I appreciated the way the observance of the feasts and seasons strengthened the Jewish identity and acted as a teacher of eternal truths in every generation.
I recall reading about how, for Jewish people, celebrating the Passover meal was seen as a way of being mystically present, across time, at the moment when the children of Israel escaped from their Egyptian pursuers across the Red sea..
In this way, despite the accident of separation by time and space, each generation could, in a sense, "be there".
I couldn't help but be reminded that Catholics view the Holy Sacrifice of the Mass in a similar way. That through it, the veil between time and space is lifted and we become mystically present at Calvary.
What hadn't made any sense to me at all as a cradle Catholic, suddenly fell into place as an Evangelical with an interest in the Jewish people.
The pennies, once they started to drop, all fell pretty quickly. And having meandered slowly and carelessly away from the church, I sprinted back to it at quite a lick.
Having arrived, I was fascinated, and delighted to find that I was not alone. That others had found their way back through discovering the Jewishness of the Catholic church.
It really makes sense to me that what went before, while a shadow of what was to come, was not simply thrown overboard, but found it's fulfilment in the light of recognising Christ, his passion, death and resurrection.
Taylor Marshall is one of my favourite bloggers. He took the circuitous route to Rome and writes eloquently about the reasons why. Here is how his story starts:
"I was not always drawn to the Catholic Church. I once resisted it with great force. As a college student I believed that Pope John Paul II was the Antichrist, and boldly concluded that the Catholic Church was the Scarlet Whore of Babylon described by Saint John in the Apocalypse.

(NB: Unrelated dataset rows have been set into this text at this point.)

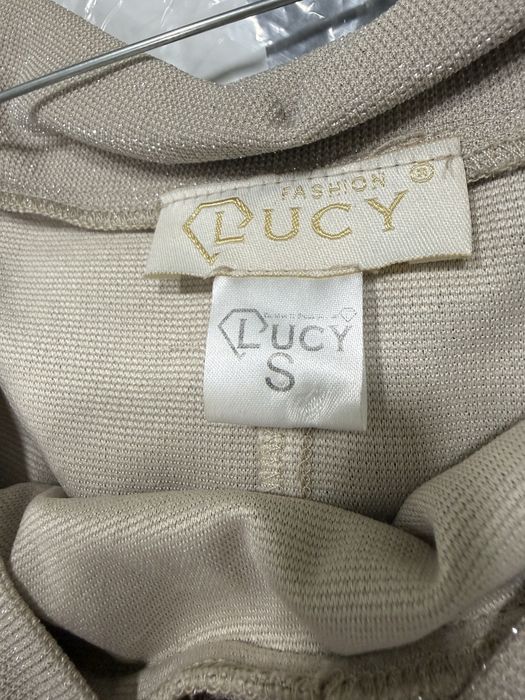 Рокля Lusy с отворено деколте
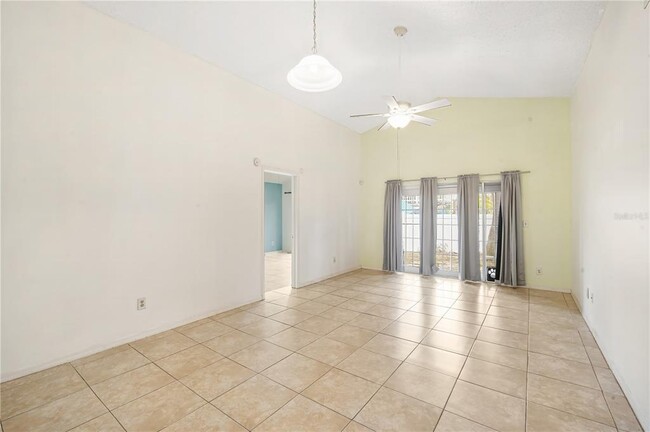 Building Photo - 12715 Trowbridge Ln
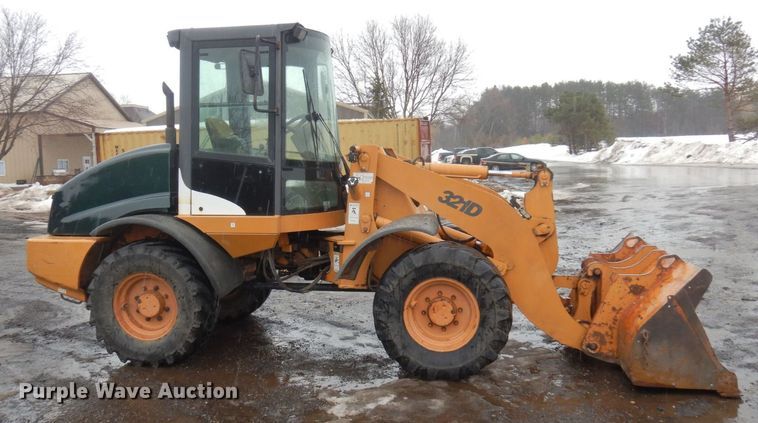 image for item KU9760 2003 Case 321D  wheel loader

I even handed out Jack Chick tracts and left them in the toilet stalls of the dormitory (looking back, a rather suitable place) for fellow students to read. Today my wife and I (and our five children) are Catholic, Roman Catholic..."Read the rest here.
Today on his blog, he makes this announcement:
I'll be on Al Kresta's nationally syndicated radio show today (June 30, 2010) talking about "How a Rabbi led me to Rome," at 3:10 pm Central Time.
If your city doesn't have Catholic radio, you can listen live through the internet by clicking: here.
I'm taking my laptop upstairs with me so I can listen to it while I'm giving Marie-Aibhlinn her last feed of the night.She gets kind of tetchy when I try and read a book and breast feed at the same time. She keeps reaching round and grabbing at the pages.
So I'm looking forward to just sitting back and listening to Taylor Marshall instead.
I just thought I'd share in case anyone else would find that as interesting as me.